# My Black TE37's - Rays via Newera :)



## Initial P! (Oct 27, 2009)

Finally got delivery of my new rims after a lengthy (but worthwhile) wait due to having them done to special order by Rays via the guys at Newera. Thanks to Miguel and Matt :thumbsup:


































Really chuffed with these and can't wait to get them on and super turismo's off:squintdan
Just need to get the suspension sorted and eventually get it sitting as below:smokin:


----------



## Trev (Nov 1, 2003)

Gotta say, they are STUNNING!!! :smokin:

Is the picture of your car your current wheels? They look good too :thumbsup:


----------



## Initial P! (Oct 27, 2009)

Trev said:


> Gotta say, they are STUNNING!!! :smokin:
> 
> Is the picture of your car your current wheels? They look good too :thumbsup:


Cheers. It's so tempting to open the box and just look at them!:chuckle:
No, thats not my car - that's just the stance i'm after. That belonged to JM Imports. Those wheels look rather tasty too!


----------



## agent-x (Jul 26, 2008)

there awesome mate

how much did they set you back if you dont mind me asking


----------



## Wills_GunR33 (May 16, 2009)

They are going to look superb. good work.
What are you doing with your old wheels?


----------



## Zed Ed (Oct 24, 2007)

almost a shame to put them on

very nice and I'll keep a look out for you


.


----------



## Initial P! (Oct 27, 2009)

They cost 2 and a half grand all in:runaway:. The only reason i was prepared to pay that much is because i sold my other car therefore feeling rich. The curb is now my enemy!
My old wheels are going on ebay. The offset is bad for a gtr in that they sit too far in under the arches. You might get away with it on a gtst but they're just not suited to a gtr. They're more like evo wheels really. OZ Super Turismo's.


----------



## Initial P! (Oct 27, 2009)

Zed Ed said:


> almost a shame to put them on
> 
> very nice and I'll keep a look out for you
> 
> ...


I know what you mean. They're almost too nice to go on (almost). I might take them to bed with me:nervous:


----------



## matty32 (Dec 18, 2005)

they are nice, doing alot of sets of custom TEs at the moment

should say freight is around £450 to ship a set of a wheels air freight these days 

yen rates gone up down again too ! doh!


----------



## Min-e (Sep 23, 2009)

Look absolutely superb. Good choice :thumbsup:


----------



## Jaffa (Oct 9, 2006)

what offset and width are they?

they look stunning


----------



## mr mugen (Jan 11, 2007)

there going to look great,good choice


----------



## Initial P! (Oct 27, 2009)

They're 18 x 9.5 with 12 offset which is spot on, so the car will have the stance I want once lowered - where as the offset on my old wheels was 30 or 35 which was horrid. 
Will take pic of them on once I get a few more bits and pieces fitted. Sad thing is that I don't want to leave the blue dust caps on as someone WILL nick them


----------



## ian turbo (Apr 29, 2003)

i like.. em..


----------



## *Shane* (Jul 21, 2009)

those wheels are sweet man


----------



## Kadir (Mar 23, 2008)

Very nice indeed. I will get a set of TE37s one day in black as well!


----------



## rb26 (Aug 29, 2004)

Stunning rims!!:smokin:


Terje.


----------



## Piggaz (Sep 5, 2002)

Nice. I had a hard choice between black and bronze. Our cars will look almost exactly the same apart from mine being 19 inch in the same offset but in bronze. TE's ROCK!


----------



## matty32 (Dec 18, 2005)

Kadir said:


> Very nice indeed. I will get a set of TE37s one day in black as well!
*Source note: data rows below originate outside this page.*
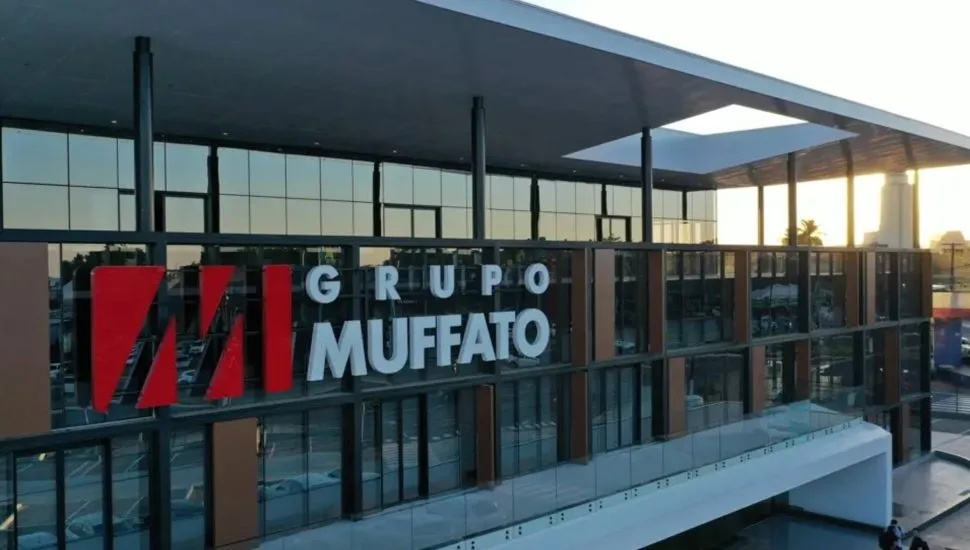 Mufaato em Guarapuava e Palmas - Superpão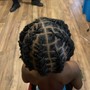 Loc Style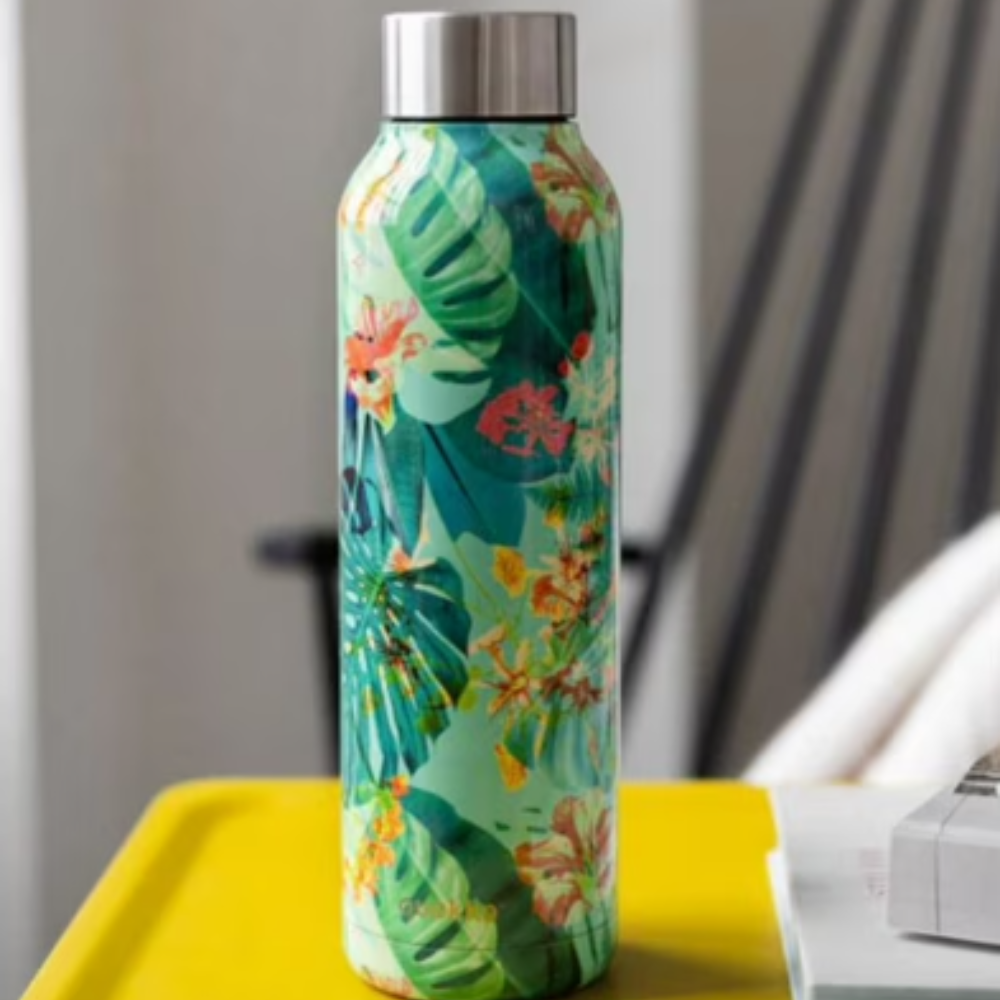 Botella Térmica Tropical 630ml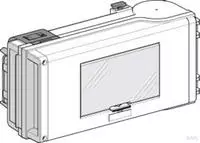 GS Abgangskasten 63A 5polig KNB63SM412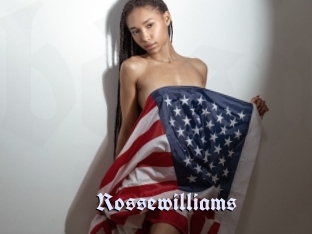 Rossewilliams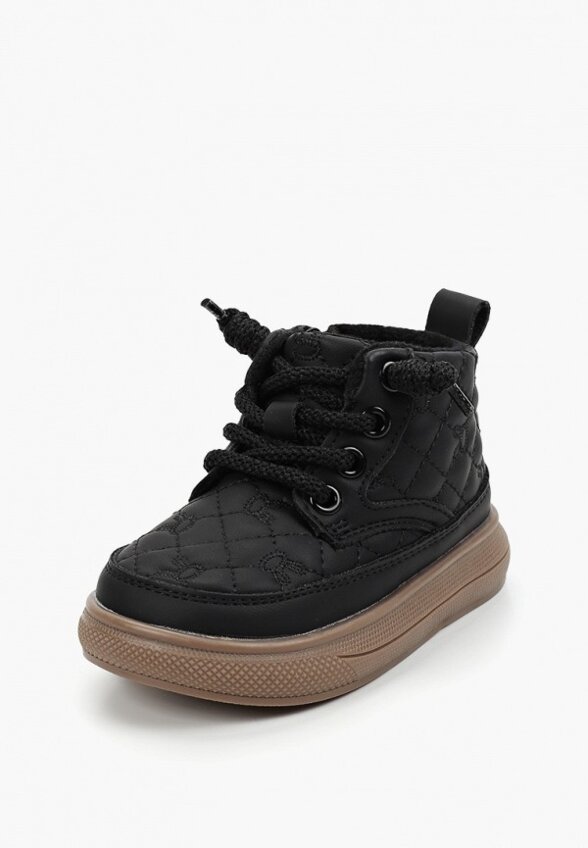 Ботинки Капитошка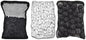 Wave Point Aquarium Filter Media Kits, 1 lb Activated Carbon + 50pc Bio Balls by Wave+Point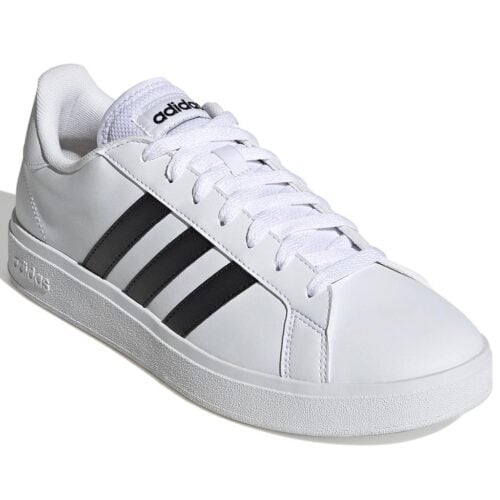 Adidas Grand Court Td Lifestyle Court Casual Shoes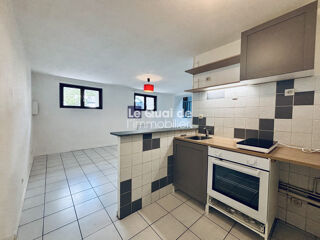  Appartement � louer 1 pi�ce 35 m�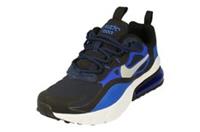 Nike Air Max 270 React GS Running Trainers Bq0103 Sneakers Shoes 401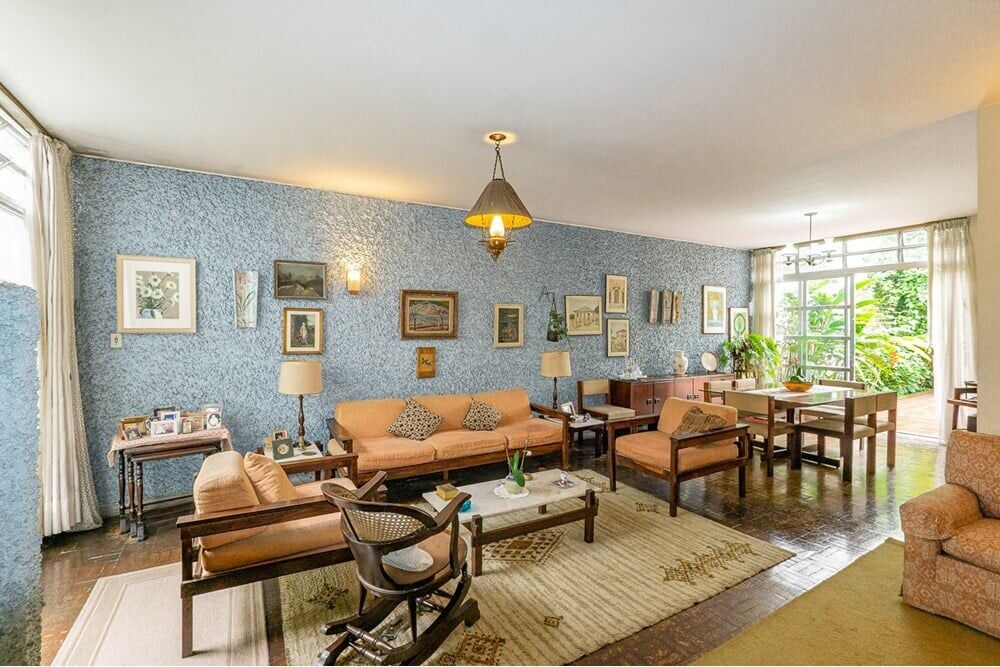Casa, 4 quartos, 313 m² - Foto 4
you just need to pull your finger out and buy something


----------



## SirRolf (Oct 23, 2009)

good choice - they will look superb


----------



## Initial P! (Oct 27, 2009)

Piggaz said:


> Nice. I had a hard choice between black and bronze. Our cars will look almost exactly the same apart from mine being 19 inch in the same offset but in bronze. TE's ROCK!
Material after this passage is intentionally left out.